Provided by:      Chris Dabis
KFC Chicken - Secret Spice Recipe

Combine all ingredients together:

 1 tablespoon rosemary
 1 tablespoon oregano
 1 tablespoon powdered sage
 1 teaspoon powdered ginger
 1 teaspoon majoram
 1 1/2 teaspoon thyme
 3 tablespoons packed brown sugar
 3 tablespoons dry minced parsley
 1 teaspoon pepper
 1 tablespoon paprika
 2 tablespoons garlic salt
 2 tablespoons onion salt
 2 tablespoons powdered chicken bouillon;
        (or 4 cubes, mashed)
 1 package lipton tomato cup-of-soup mix

Place all ingredeints in blender with on/off speed for 3-4 minutes to pulverise, or rub through a fine strainer. Store in an airtight container so it will not lose potency. Makes about 3/4 cup.

To use, mix together

 2 Tablespoons dry mix
 2 eggs, beaten
 1 1/2 cups milk
 1 cup flour

Dip pieces of one frying chicken into the batter.
Fry in 5-6 cups of Crisco oil (solid).

Pressure Fryer:
If you are using a pressure fryer, place the lid on and lock it when the chicken is a very light golden color, usually about 3 minutes. Begin timing when the lid is locked and the gauge indicates a pressure of 5-6 pounds. Bring temperature up immediately and watch carefully (don't walk away!). Remove from heat after about 7 minutes and reduce pressure following manufacturer's directions.Remove the chicken pieces and place on layers of paper towels.
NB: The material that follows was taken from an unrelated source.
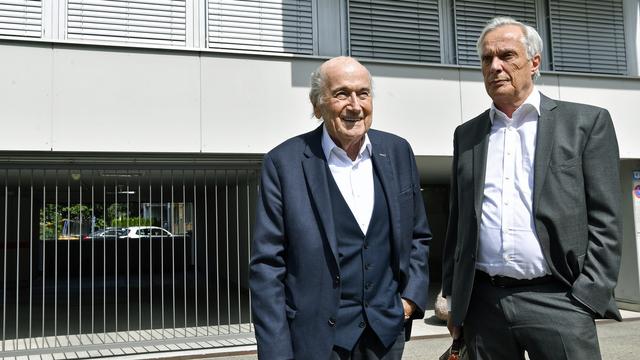 Sepp Blatter (gauche) et son avocat Lorenz Erni (droite) devant le bureau du procureur fédéral à Zurich le lundi 9 août 2021. [Keystone - Walter Bieri]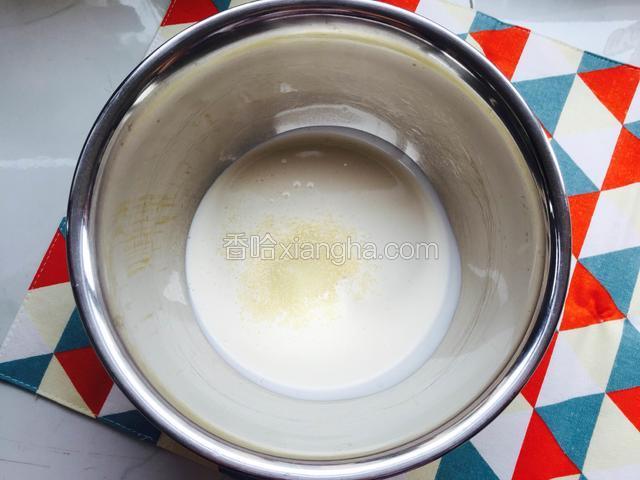 淡奶油加入砂糖。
Return the pan to the stove and bring temperature back up and continue until all chicken pieces are fried. If your chicken was too brown, cook the next batch for a minute or so less, and vice versa if your chicken wasn't browned enough. Do not overload the cooker with too many pieces, as it brings the temperature down too quickly and will cause the pieces to absorb more of the cooking oil than it otherwise would.

Regular Deep Frying:
Fry the chicken at 360-375 degrees, placing the larger pieces in when the temperature is slightly lower (temperature will drop when pieces are added). Put the smaller pieces in when the temperature is higher, and they will be cooked more quickly. Remove when chicken is golden brown and drain on paper towels.

There are actually 11 spices in the above combination, but an additional 3 ingredients were necessary to derive that special flavor.